The bulls point to a relative strength index of 22.6, deep in oversold territory, which historically favours short-term bounces if the newsflow stabilises. But the bear case is equally punchy. This is the second time Evotec has slashed its 2026 forecast — the first was in March, when it unveiled a transformation plan promising sustainable growth. The latest warning prompted RBC analyst Charles Weston to call it "another material profit warning." Meanwhile, the company's biologics arm, Just Evotec Biologics, shrank 17% year-on-year in the second quarter to €35.4 million in revenue, and 29% in the first half to €72.3 million.
Technically, the stock is trading below all key moving averages — the 50-day at €4.79, the 100-day at €4.88, and the 200-day at €5.38 — confirming a broad and intact downtrend. Most analyst price targets still reflect the pre-warning environment, making consensus figures unreliable for now.
The most pressing question for investors is whether Evotec's liquidity is sufficient to fund its turnaround without a dilutive capital raise. The cash pile of €465.6 million looks adequate on its own, but the combination of operating losses and restructuring costs will drain it quarter by quarter. If the delayed partnerships fail to materialise or more revenue shifts to the right, the financing headroom could tighten faster than the company anticipates.
Evotec at a turning point? This analysis reveals what investors need to know now.
Management remains upbeat, insisting that "our pipeline is today more active than ever" and pointing to advanced talks on partnerships in kidney disease, oncology, women's health, and obesity. But the market has heard such promises before — the March transformation plan came with similarly optimistic language, and now those assumptions lie in tatters.

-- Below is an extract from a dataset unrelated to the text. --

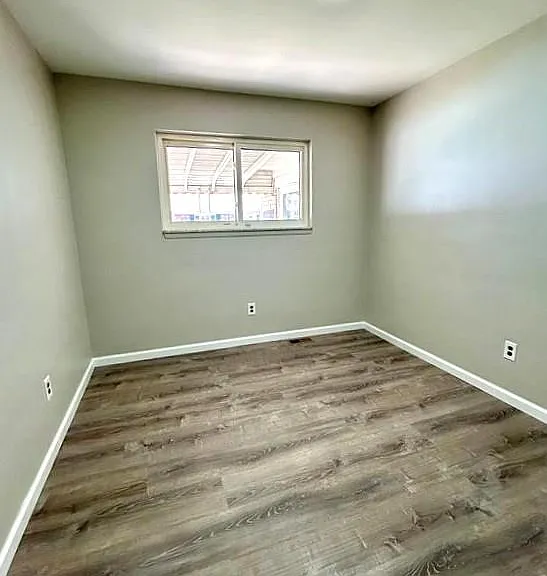 11304 Hemlock Dr — Photo 13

The next checkpoint is clear: the audited half-year report due on August 13. That document must show whether the cost program is genuinely taking hold and whether the revenue delays are truly timing-related or reflect a deeper structural shift in client demand. If the core D&PD growth can continue to offset partnership disappointments, a gradual stabilisation near current levels is plausible. But if the cash burn accelerates or the pipeline deals stall again, the stock will almost certainly test its €3.19 floor — and perhaps break through it.